Chicago crops left the spotlight to soft commodities on Monday, with the prospect of a key report on US acreages dampening interest in new positions.
External pointers were somewhat negative, with shares and oil lower and the dollar stronger for a third successive day – bad news for US exports, such as crops.
Indeed, while weekly data on US wheat inspections met traders' expectations at 14.4m bushels, corn was light at 35m bushels and soybeans, at 9.6m bushels, below the hopes of many investors.
Still, what really mattered was the prospect of updated official US crop figures due on Wednesday.
These are expected to show rises in wheat and, in particular, corn production, weak performances by these grains last week has allowed for much of this.

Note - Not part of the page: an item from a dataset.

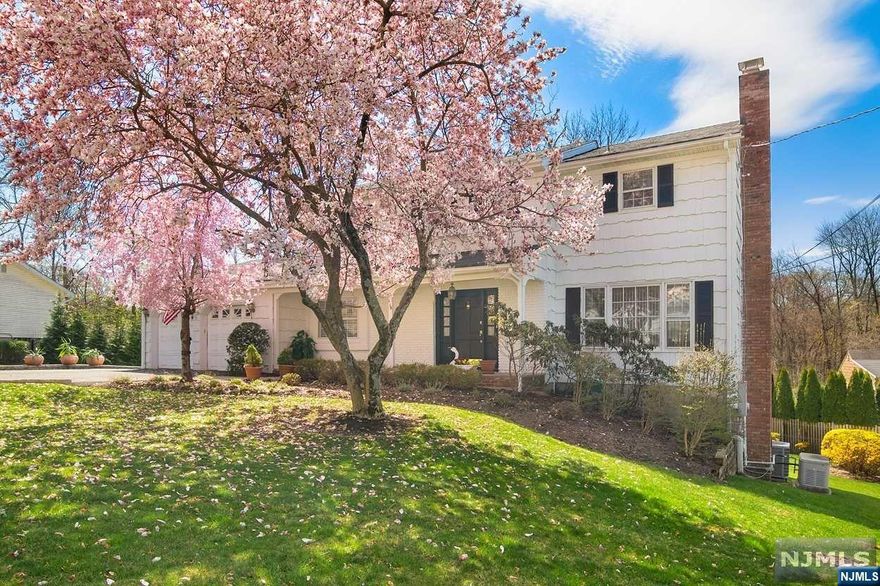 Spectacular Home in Wayne!This is one of the most desirable lots in Tall Oaks area!Abolutely,Fabulous,Colonial Home-Thoughtful modern touches and convenient built-ins add character.First floor features a formal dining room,living room w/wood burning fireplace,family room & kitchen with soaring ceilings, laundry room with separate real entrance, powder room, granite counter tops and two french doors that leads to spacious deck perfect for entertaining.This lovely home offers 4king-sized bedrooms with 2full bathroom all located on the second floor with hardwood floors under carpet. Large Finished Lower Level displays with High ceilings,Rec/Room,Two bonus Rooms with closets/Offices,Full Bathroom,with separate outside entrance,tons of storage.Backyard is level and offers plenty of space for all your outdoor needs,sprinkle system water the lawn&flowers.Shed for additional storage.Multi zone heat and 3zone A/C.Enjoy security with Generac Generator powered by natural gas whole house.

On Monday, investors squared off positions, helping Chicago corn for September recover 1.2% to $3.26 a bushel, with wheat adding 1.3% to $4.96 a bushel at 17:30 GMT.
Earlier, the last remnants of bearish sentiment (for now) pushed wheat to within two cents of its 2009 low of $4.83 ½ a bushel.

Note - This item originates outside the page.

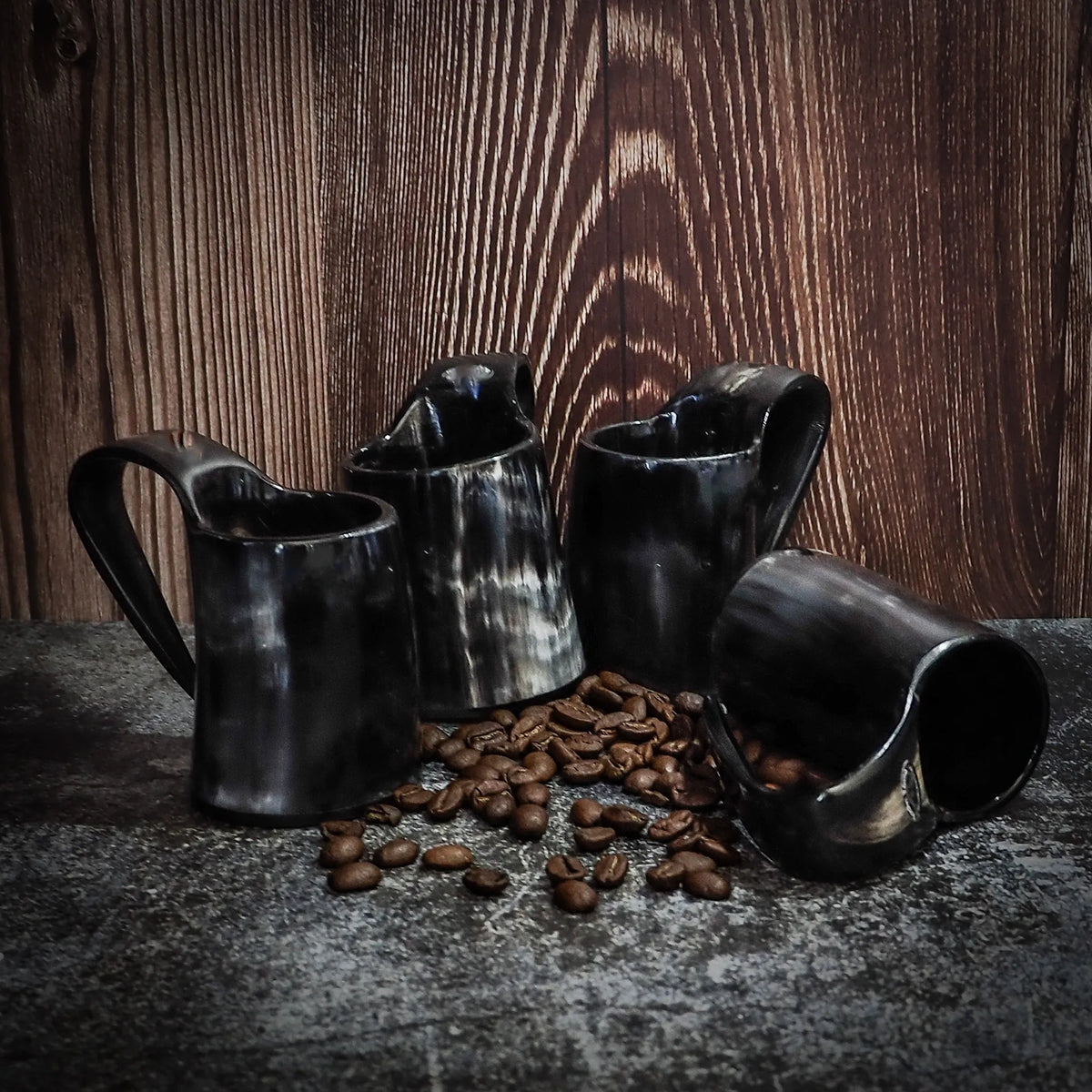 Sett med fire espressokopper – alle fire koppene med kaffebønner, mot trevegg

Wheat remained quiet in Europe too, ending unchanged in Paris at E123.00 a tonne for November delivery as well as in London, where it closed at £98.25 a tonne.
Rapeseed was marginally more interesting at time, thanks to strength in palm oil, a rival in the vegetable oil market, which was helped higher by low Malaysian stocks data.
Nonetheless, the November contract closed unchanged at E272.25 a tonne, with February adding E1 to E278.00 a tonne.
More excitement lay in softs, where sugar soared – again – on concerns of buoyant demand and waning production.
Traders credited spillover support for a 2.7% rise to £1,822 a tonne in London cocoa for September too, with New York adding 1.8% to $2,888 a tonne.
However, the spillover did not extend far enough to help coffee, which ended down 2.0% at $1,462 a tonne for London robusta beans, with New York arabica beans down 1.3% at 136.05 cents a pound.